Şahsî fikirler ve düşünceler her zaman istenmeyen yanlışlara ve vartalara açıktır.
Şahıslar dahî derecesinde zekâya, ferasete, basirete sahip de olsalar; onların her zaman her meselede isabetli karar almalarının garantisi yoktur. En akıllı, hatta deha derecesinde zekâya sahip olan insanların da her zaman için yanlış yapma, yanlış yollara sapma ihtimali vardır.
Ama ortak aklın geçerli olduğu, ehil kişilerin oluşturduğu meşveret-i meşrûa çerçevesinde yapılan istişareler sonucunda çıkan kararlarda yanılma payı neredeyse sıfırdır. İsabetlilik ve doğruluk payı çok yüksektir.

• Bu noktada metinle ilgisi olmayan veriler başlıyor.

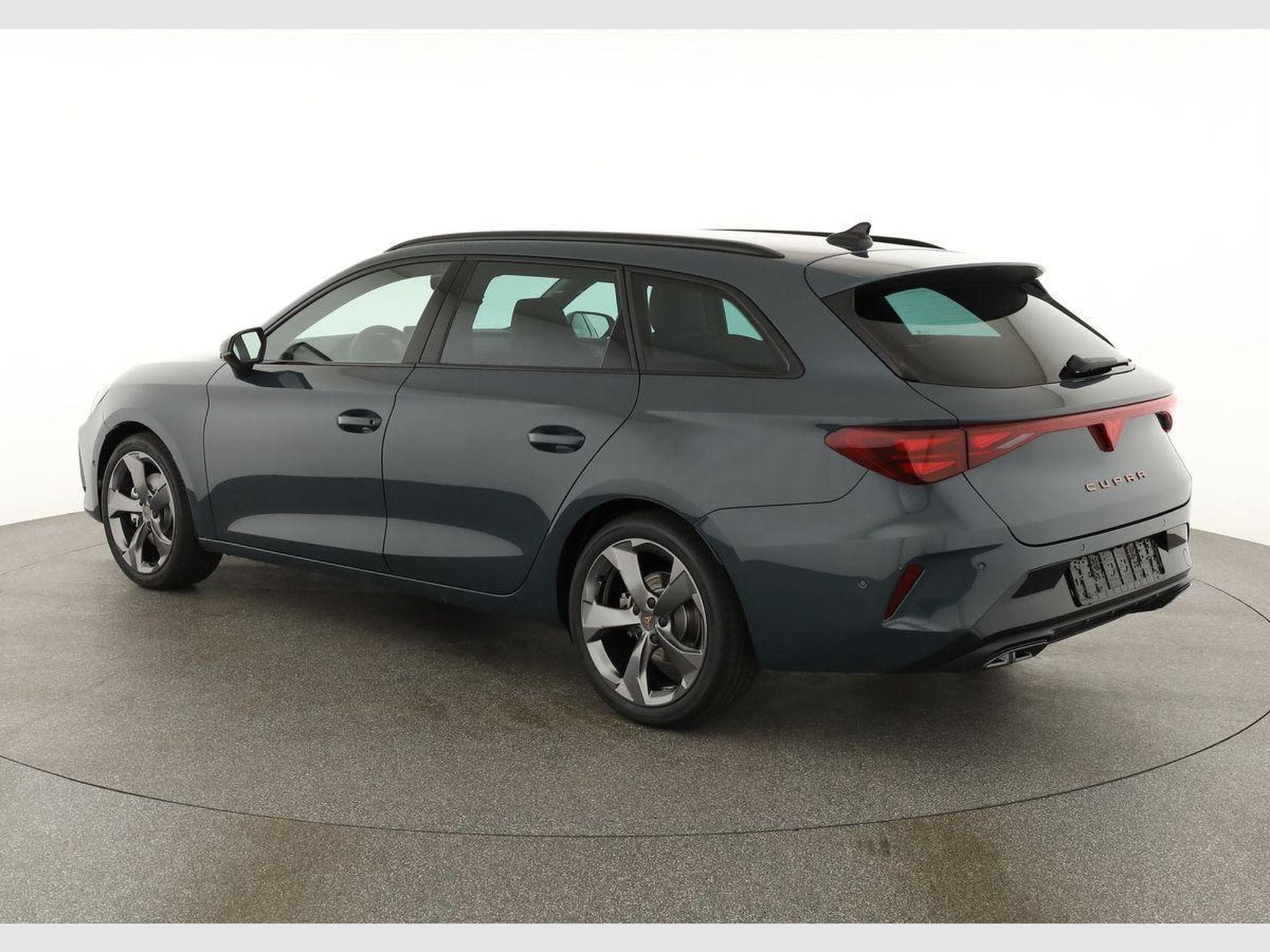 Cupra Leon 2.0 TSI 150 kW 4Drive (2026) - Photo 3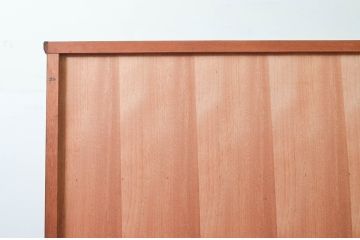 中古　美品　屋久杉　美しい杢目が目を惹く重厚な佇まいが魅力の茶箪笥(茶棚、戸棚、収納棚、飾り棚、キャビネット、食器棚)(定価約90万円)(R-077610)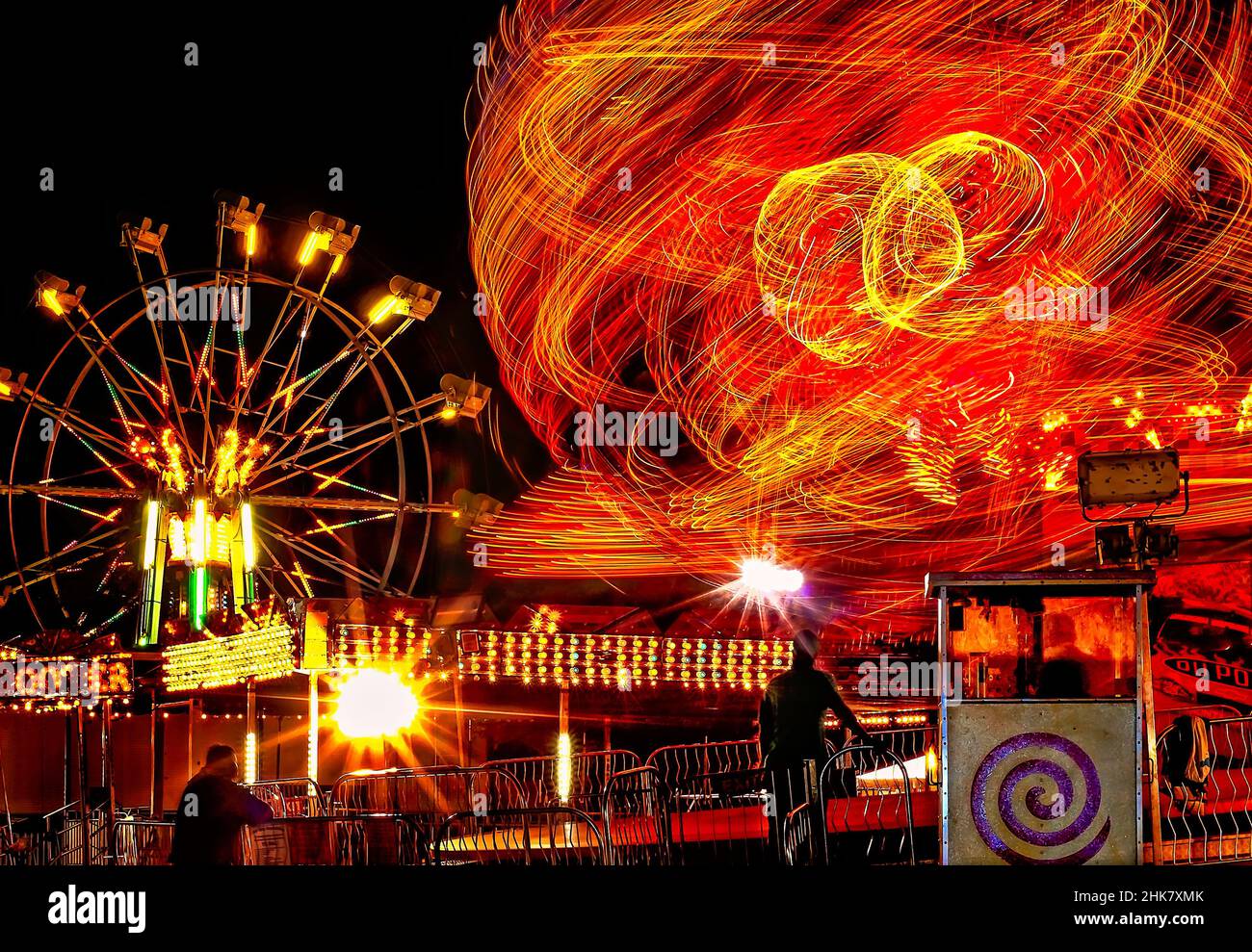 Arbeiter beobachten, wie die Ausgründungsparkfahrt den Himmel über dem Munny Sokol Park am 2. Oktober 2009 in Tuscaloosa, Alabama, erleuchtet. Stockfoto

Bundandır ki Yüce Allah mealen: “...Ve işlerde onlarla istişare et. (Al-i İmran, 159) ve: “Onların aralarındaki işleri istişare iledir.” (Şûrâ, 38) buyurarak meşvereti tavsiye ve emretmiştir. Aynı şekilde Hz. Peygamber’in de (asm) gerektiğinde vahyin dışındaki meselelerde Sahabe-i Kiram ile meşveretlerde bulunduğunu biliyoruz. Bunun en tipik örneği de Uhud Savaşı’nın bidayetinde yaptığı meşverettir. Burada daha da dikkat çekici ve hepimiz için örnek olması gereken husus da Peygamberimizin (asm); kendi şahsî görüşünün aksine, meşveret kararına itiraz etmeyip sahiplenmesi ve harfiyen riayet etmesidir.
Üstün zekâsıyla, basiretiyle ve ferasetiyle maruf Üstad Bediüzzaman da bir taraftan, “meşveret ediniz” şeklindeki tavsiyeleriyle istişarelerin yapılış şeklini, diğer taraftan da, “Benim de şimdi bir reyim var” buyurarak meşveret edenlerin eşit reylere sahip olmalarını, meşveretlerde kimsenin herhangi bir imtiyaz beklentisine girmemesi gerektiğinin önemine işaret ederken meşveret kararlarının kabullenilmesinin gerekliliğine işaret ediyor.
Meşveret kararları karşısında Hz. Peygamber’in (asm) teslimiyet içindeki tavrı ve duruşu böyle iken; Üstad Bediüzzaman gibi bir âlimin istişarelerle alâkalı kanaati ve teslimiyeti böyle iken bizim meşveret kararlarına uymamamız kabul edilebilir mi?
Hangi hakla Üstad’ın tavsiyelerini dikkate almadan ihlâsı, uhuvveti, birlik-beraberliği zedeleyecek olan; kendimizden menkul ölçülerle ve düsturlarla faaliyetlerde bulunabiliriz?
Meşveret kararlarının yerine kendi kafa fenerimizin eseri olan doğru zannettiğimiz şahsî görüşlerimizi ve düşüncelerimizi ikame edip; kudsî hizmetlerimizde ihtilâflara sebep olan ve ifsad komitelerinin saldırılarına zemin hazırlayacak olan hallere ve davranışlara nasıl ve niçin tevessül edilsin?